* _WHAT YOU HAVE TO DO_:
The records that follow must be repeated verbatim, every one of them.

[Crawled caption data]
=== Section Start ===

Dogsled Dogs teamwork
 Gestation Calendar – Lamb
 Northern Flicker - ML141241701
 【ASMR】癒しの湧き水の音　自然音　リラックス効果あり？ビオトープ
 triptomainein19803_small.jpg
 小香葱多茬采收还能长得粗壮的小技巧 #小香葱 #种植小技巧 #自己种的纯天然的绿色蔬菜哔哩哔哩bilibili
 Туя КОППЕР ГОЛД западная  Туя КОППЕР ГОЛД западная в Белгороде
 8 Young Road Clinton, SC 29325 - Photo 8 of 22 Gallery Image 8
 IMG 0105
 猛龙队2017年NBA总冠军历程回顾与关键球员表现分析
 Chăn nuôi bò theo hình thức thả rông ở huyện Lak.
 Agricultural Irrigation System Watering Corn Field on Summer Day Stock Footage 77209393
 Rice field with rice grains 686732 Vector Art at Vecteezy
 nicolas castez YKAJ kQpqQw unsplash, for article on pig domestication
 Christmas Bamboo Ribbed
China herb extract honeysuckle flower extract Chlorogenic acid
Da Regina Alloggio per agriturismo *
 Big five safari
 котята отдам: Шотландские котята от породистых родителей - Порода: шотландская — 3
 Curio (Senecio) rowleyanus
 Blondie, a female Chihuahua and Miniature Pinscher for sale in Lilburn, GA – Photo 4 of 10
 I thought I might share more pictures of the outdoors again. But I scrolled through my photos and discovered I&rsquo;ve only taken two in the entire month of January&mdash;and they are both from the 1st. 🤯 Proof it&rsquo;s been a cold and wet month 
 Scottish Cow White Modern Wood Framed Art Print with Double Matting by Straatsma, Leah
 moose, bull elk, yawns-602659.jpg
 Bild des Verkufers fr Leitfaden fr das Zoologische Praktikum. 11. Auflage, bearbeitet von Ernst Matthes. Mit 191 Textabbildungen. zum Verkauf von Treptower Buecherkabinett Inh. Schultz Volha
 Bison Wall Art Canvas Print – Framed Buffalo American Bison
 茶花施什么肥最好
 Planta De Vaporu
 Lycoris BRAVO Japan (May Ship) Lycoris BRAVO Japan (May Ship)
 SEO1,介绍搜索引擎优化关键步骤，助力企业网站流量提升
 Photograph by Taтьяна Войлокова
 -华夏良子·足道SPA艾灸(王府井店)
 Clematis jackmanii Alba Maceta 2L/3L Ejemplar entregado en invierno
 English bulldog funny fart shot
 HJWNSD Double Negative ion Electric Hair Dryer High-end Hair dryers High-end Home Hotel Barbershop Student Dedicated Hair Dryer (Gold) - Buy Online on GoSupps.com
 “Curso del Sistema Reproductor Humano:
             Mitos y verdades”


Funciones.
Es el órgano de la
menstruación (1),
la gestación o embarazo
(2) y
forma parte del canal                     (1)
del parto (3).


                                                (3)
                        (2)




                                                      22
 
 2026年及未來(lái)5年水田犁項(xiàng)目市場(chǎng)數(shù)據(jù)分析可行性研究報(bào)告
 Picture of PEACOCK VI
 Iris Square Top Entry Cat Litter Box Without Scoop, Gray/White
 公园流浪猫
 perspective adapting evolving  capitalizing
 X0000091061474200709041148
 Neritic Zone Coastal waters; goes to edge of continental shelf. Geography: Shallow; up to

=== Section End ===

* _EXERCISE RESULT_:
Dogsled Dogs teamwork
 Gestation Calendar – Lamb
 Northern Flicker - ML141241701
 【ASMR】癒しの湧き水の音　自然音　リラックス効果あり？ビオトープ
 triptomainein19803_small.jpg
 小香葱多茬采收还能长得粗壮的小技巧 #小香葱 #种植小技巧 #自己种的纯天然的绿色蔬菜哔哩哔哩bilibili
 Туя КОППЕР ГОЛД западная  Туя КОППЕР ГОЛД западная в Белгороде
 8 Young Road Clinton, SC 29325 - Photo 8 of 22 Gallery Image 8
 IMG 0105
 猛龙队2017年NBA总冠军历程回顾与关键球员表现分析
 Chăn nuôi bò theo hình thức thả rông ở huyện Lak.
 Agricultural Irrigation System Watering Corn Field on Summer Day Stock Footage 77209393
 Rice field with rice grains 686732 Vector Art at Vecteezy
 nicolas castez YKAJ kQpqQw unsplash, for article on pig domestication
 Christmas Bamboo Ribbed
China herb extract honeysuckle flower extract Chlorogenic acid
Da Regina Alloggio per agriturismo *
 Big five safari
 котята отдам: Шотландские котята от породистых родителей - Порода: шотландская — 3
 Curio (Senecio) rowleyanus
 Blondie, a female Chihuahua and Miniature Pinscher for sale in Lilburn, GA – Photo 4 of 10
 I thought I might share more pictures of the outdoors again. But I scrolled through my photos and discovered I&rsquo;ve only taken two in the entire month of January&mdash;and they are both from the 1st. 🤯 Proof it&rsquo;s been a cold and wet month 
 Scottish Cow White Modern Wood Framed Art Print with Double Matting by Straatsma, Leah
 moose, bull elk, yawns-602659.jpg
 Bild des Verkufers fr Leitfaden fr das Zoologische Praktikum. 11. Auflage, bearbeitet von Ernst Matthes. Mit 191 Textabbildungen. zum Verkauf von Treptower Buecherkabinett Inh. Schultz Volha
 Bison Wall Art Canvas Print – Framed Buffalo American Bison
 茶花施什么肥最好
 Planta De Vaporu
 Lycoris BRAVO Japan (May Ship) Lycoris BRAVO Japan (May Ship)
 SEO1,介绍搜索引擎优化关键步骤，助力企业网站流量提升
 Photograph by Taтьяна Войлокова
 -华夏良子·足道SPA艾灸(王府井店)
 Clematis jackmanii Alba Maceta 2L/3L Ejemplar entregado en invierno
 English bulldog funny fart shot
 HJWNSD Double Negative ion Electric Hair Dryer High-end Hair dryers High-end Home Hotel Barbershop Student Dedicated Hair Dryer (Gold) - Buy Online on GoSupps.com
 “Curso del Sistema Reproductor Humano:
             Mitos y verdades”


Funciones.
Es el órgano de la
menstruación (1),
la gestación o embarazo
(2) y
forma parte del canal                     (1)
del parto (3).


                                                (3)
                        (2)




                                                      22
 
 2026年及未來(lái)5年水田犁項(xiàng)目市場(chǎng)數(shù)據(jù)分析可行性研究報(bào)告
 Picture of PEACOCK VI
 Iris Square Top Entry Cat Litter Box Without Scoop, Gray/White
 公园流浪猫
 perspective adapting evolving  capitalizing
 X0000091061474200709041148
 Neritic Zone Coastal waters; goes to edge of continental shelf. Geography: Shallow; up to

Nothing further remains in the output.